The question of whether a confession be voluntary or otherwise is not an issue for the jury in a case where, without dispute, such confession contains statements of facts or circumstances, which later and as a result of such statements are found to be true, which facts or circumstances conduce to establish the guilt of the party confessing. Ortiz v. State, 68 Texas Crim. Rep. 524; Hilliard v. State, 87 Texas Crim. Rep. 416. This is the holding of all the authorities, and has application in this case. Appellant’s statements made to the officers led to the discovery and location of the watch of deceased, with a broken chain attached corresponding to a broken chain found in the clothing on the body of deceased soon after the homicide. The cases of Hoobler v. State, 24 S. W. (2d) 413, and Silva v. State, 278 S. W. Rep. 216, cited in appellant’s motion, do not hold otherwise. As we understand said cases they merely hold, and correctly, that if one makes two confessions, statements in one of which are found to be true so that same is held admissible for that reason, — it would still be error to admit the other confession made after the discovery of the facts conducing to establish guilt, which second confession contains damaging facts not in the first, — unless such second confession be itself admissible under some phase of Art. 727, C. C. P. If the confession carries within its own body facts whose development demonstrate that the truth has been told by the party confessing, the safeguards of the law are fully met, and the confession is admissible, even though obtained by threats, persuasion or other means. Singleton v. State, 87 Texas Crim. Rep. 302.

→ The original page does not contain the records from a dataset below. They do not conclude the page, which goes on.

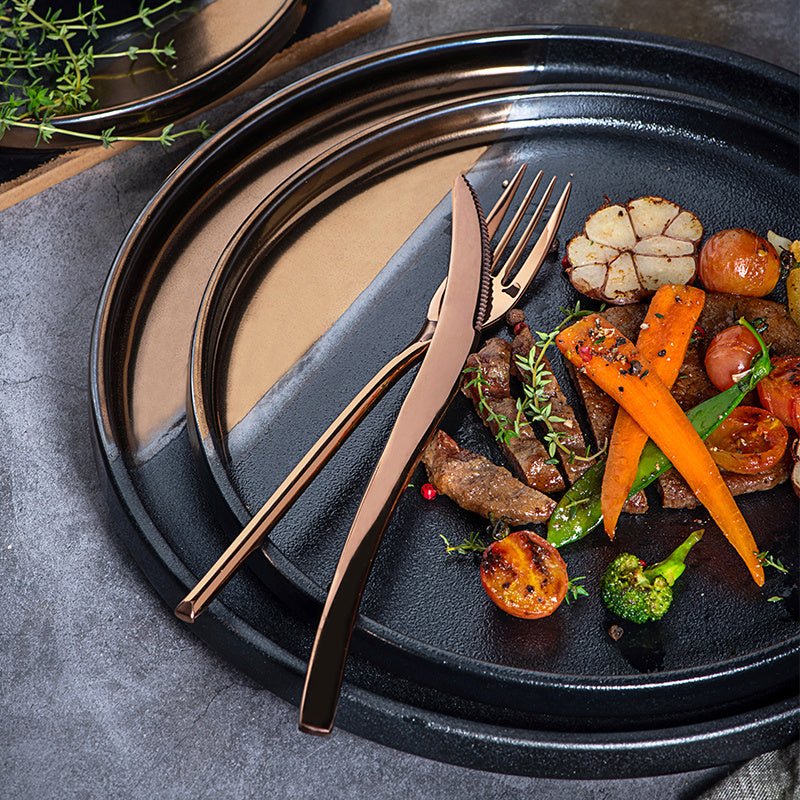 Creative Black Gold Ceramic Plate Household Dishes - Hearth & Lume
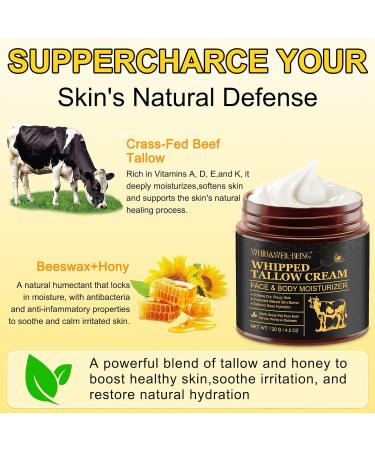 WHLH & WELL-BEING Beef Tallow for Skin Beef Tallow and Honey Balm Moisturizer for Face & Body Skin Care(1Pack) 119g 4.19 Fl Oz (Pack of 1) - Buy Online on GoSupps.com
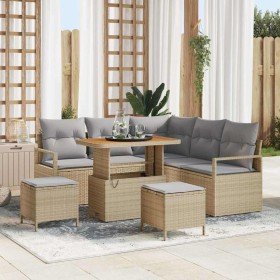 Conjunto de sofás de jardín 8 pcs Beige ratán sintético en Sofás de exterior | Comprar online en Foru.es
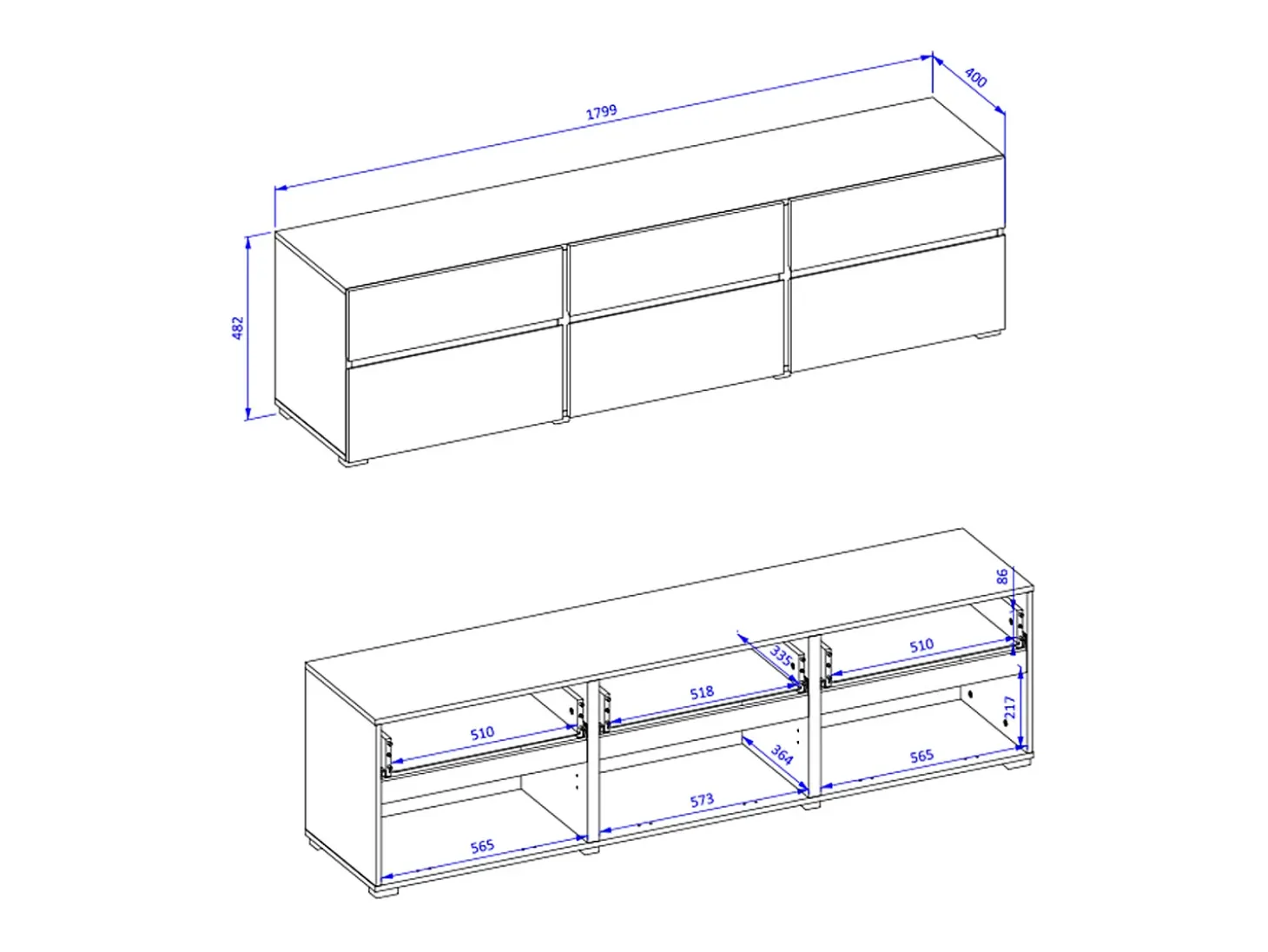 Móvel TV 3 portas Lilia verde 180cm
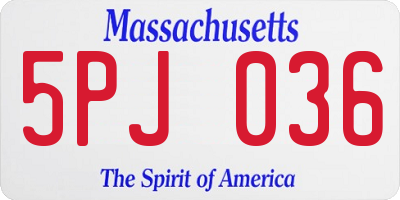 MA license plate 5PJ036
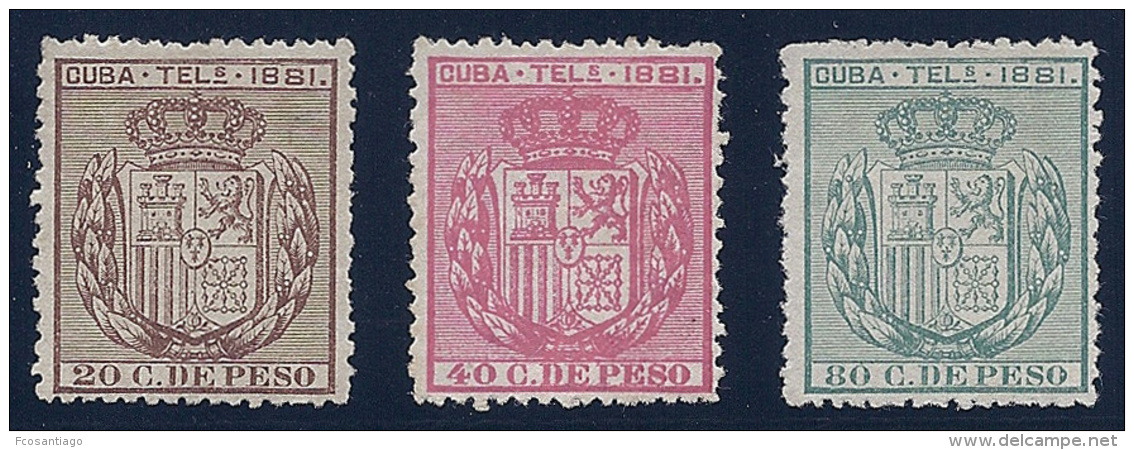 ESPAÑA- CUBA  1881- EDIFIL#T52/54(*) - Cuba (1874-1898)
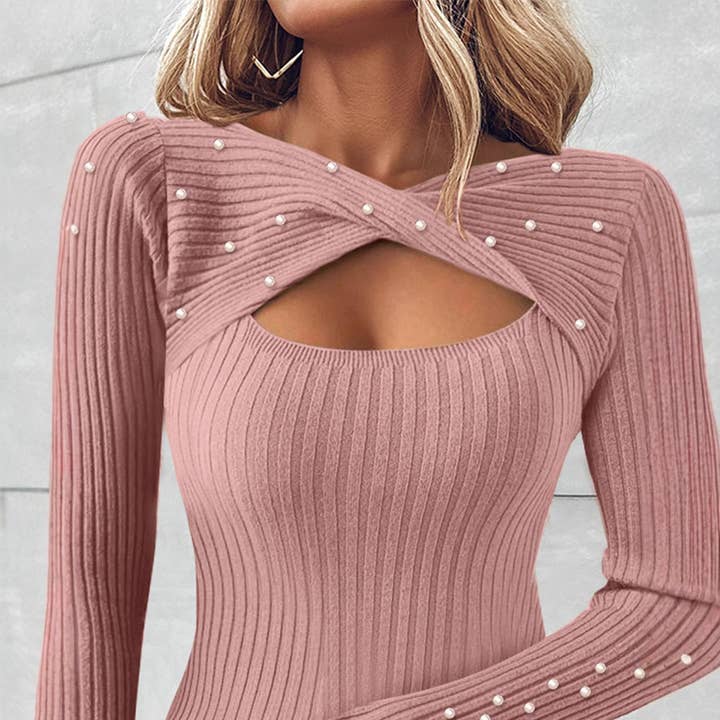 PINK SOLID COLOR PUFFLE-BEAD KNOTTED WOOL SWEATER for wholesale on Faire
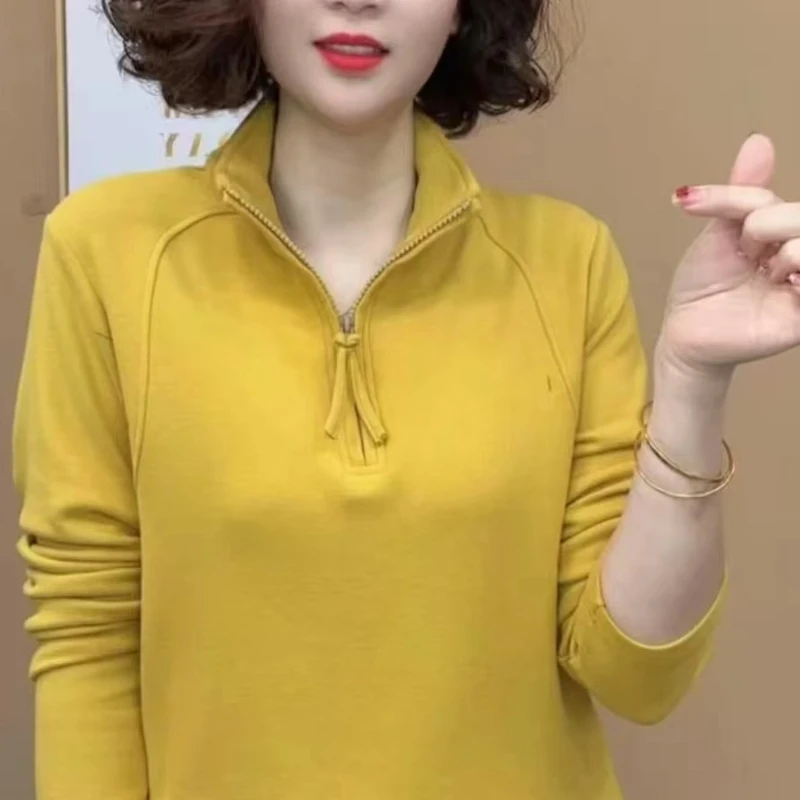 秋冬新品保暖中年妈妈时尚百搭修身显瘦高级设计半拉链打底女上衣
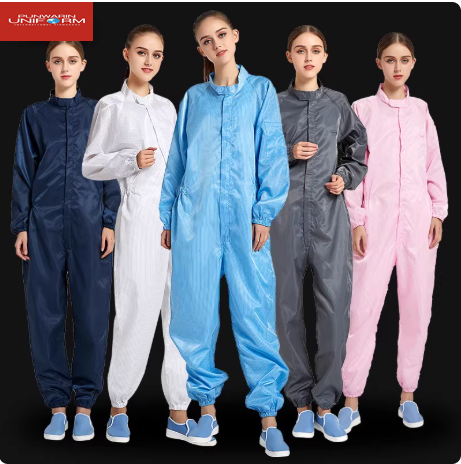 ชุดคลีนรูมกัน ESD ไฟฟ้าสถิตย์และกันฝุ่น ใส่ได้ทังชายหญิง Unisex QT6808002 สีภาพ S-5XL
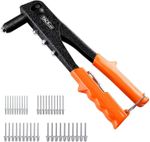 Single Hand Riveter + 40 Rivets Set 4 Heads 2.4 3.2 4.0 4.8mm Rivet Gun TACKLIFE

Appellant asserts that his confession was inadmissible under the terms of Art. 727a, C. C. P., which forbids the reception of evidence obtained in violation of law, etc. Nothing in the record before us supports the proposition that any law was violated in obtaining the statement or confession of appellant.

We have examined the record to see if there is any testimony suggesting that another person than appellant struck the blow which caused the death of deceased, and have found none. That being true, it could not be error for the court to refuse a special charge that appellant be acquitted if the jury find that the fatal blow was struck by another without the participation or knowledge of appellant. The applicability of charges rests on facts before the trial court. The evidence set out in appellant’s motion seems to fall far short of supporting his contention.

We have again considered the sufficiency of the testimony, and believe it enough to justify the jury’s conclusion of guilt. We have tried to get appellant’s viewpoint with reference to the hurtful relevance of the conduct and argument of the State’s attorney regarding the matter of the daughter of deceased not having seen the body of her father after his death, — but are unable to believe that injury could have resulted from such matter.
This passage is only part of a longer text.